EXERCISE REQUIREMENTS: Out of the lines below, please list those that hold the string "Elegant".

INFORMATION PROVIDED:
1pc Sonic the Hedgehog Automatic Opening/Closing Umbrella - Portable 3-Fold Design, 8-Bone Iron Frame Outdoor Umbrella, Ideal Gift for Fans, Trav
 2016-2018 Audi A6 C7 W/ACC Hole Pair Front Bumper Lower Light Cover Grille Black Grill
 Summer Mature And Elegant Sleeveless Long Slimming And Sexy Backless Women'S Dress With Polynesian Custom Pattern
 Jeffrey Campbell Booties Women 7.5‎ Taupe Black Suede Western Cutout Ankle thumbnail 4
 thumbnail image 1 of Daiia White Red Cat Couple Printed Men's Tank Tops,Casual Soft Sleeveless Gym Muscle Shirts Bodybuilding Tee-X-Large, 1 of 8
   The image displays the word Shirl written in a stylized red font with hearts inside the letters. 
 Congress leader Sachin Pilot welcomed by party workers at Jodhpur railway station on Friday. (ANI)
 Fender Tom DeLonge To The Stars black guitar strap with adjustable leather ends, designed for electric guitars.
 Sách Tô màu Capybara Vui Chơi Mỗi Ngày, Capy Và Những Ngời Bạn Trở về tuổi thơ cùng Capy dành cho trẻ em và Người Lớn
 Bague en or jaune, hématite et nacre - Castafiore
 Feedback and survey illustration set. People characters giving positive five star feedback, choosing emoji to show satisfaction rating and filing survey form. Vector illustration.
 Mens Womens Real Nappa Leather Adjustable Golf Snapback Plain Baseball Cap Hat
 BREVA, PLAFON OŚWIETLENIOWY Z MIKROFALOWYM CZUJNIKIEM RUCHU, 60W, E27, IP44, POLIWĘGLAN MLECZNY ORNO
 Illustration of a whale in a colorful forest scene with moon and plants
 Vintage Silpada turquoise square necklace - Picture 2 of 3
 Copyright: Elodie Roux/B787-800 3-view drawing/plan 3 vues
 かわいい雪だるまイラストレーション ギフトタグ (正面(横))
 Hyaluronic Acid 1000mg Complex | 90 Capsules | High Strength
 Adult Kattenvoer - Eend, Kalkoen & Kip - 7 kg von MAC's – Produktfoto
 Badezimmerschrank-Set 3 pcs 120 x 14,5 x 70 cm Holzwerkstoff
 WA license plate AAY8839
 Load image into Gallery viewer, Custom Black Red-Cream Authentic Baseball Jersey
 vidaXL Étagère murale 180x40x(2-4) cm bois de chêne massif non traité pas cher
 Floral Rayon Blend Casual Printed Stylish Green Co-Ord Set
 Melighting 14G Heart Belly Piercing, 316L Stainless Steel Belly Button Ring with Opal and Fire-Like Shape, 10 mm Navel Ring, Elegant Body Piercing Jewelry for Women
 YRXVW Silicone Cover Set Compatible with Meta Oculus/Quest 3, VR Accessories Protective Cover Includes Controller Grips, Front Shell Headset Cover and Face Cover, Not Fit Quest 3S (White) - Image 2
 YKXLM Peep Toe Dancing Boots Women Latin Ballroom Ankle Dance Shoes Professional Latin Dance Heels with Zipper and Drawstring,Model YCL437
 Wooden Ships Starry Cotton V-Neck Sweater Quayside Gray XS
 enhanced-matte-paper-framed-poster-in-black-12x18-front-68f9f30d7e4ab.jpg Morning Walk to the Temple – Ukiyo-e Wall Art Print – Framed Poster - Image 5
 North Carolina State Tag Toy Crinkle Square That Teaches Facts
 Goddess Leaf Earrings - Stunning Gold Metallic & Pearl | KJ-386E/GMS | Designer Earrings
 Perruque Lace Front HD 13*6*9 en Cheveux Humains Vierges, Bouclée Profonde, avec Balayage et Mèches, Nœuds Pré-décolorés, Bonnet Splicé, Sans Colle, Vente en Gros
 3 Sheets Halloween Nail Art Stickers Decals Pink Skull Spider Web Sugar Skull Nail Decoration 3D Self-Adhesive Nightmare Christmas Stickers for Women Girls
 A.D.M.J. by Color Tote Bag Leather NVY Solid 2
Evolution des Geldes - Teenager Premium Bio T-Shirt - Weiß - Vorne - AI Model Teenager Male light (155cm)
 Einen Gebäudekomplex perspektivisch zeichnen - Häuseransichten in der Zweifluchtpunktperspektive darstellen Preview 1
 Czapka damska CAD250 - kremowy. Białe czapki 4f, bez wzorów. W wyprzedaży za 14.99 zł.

REPLY TO THE TASK:
 Summer Mature And Elegant Sleeveless Long Slimming And Sexy Backless Women'S Dress With Polynesian Custom Pattern
 Melighting 14G Heart Belly Piercing, 316L Stainless Steel Belly Button Ring with Opal and Fire-Like Shape, 10 mm Navel Ring, Elegant Body Piercing Jewelry for Women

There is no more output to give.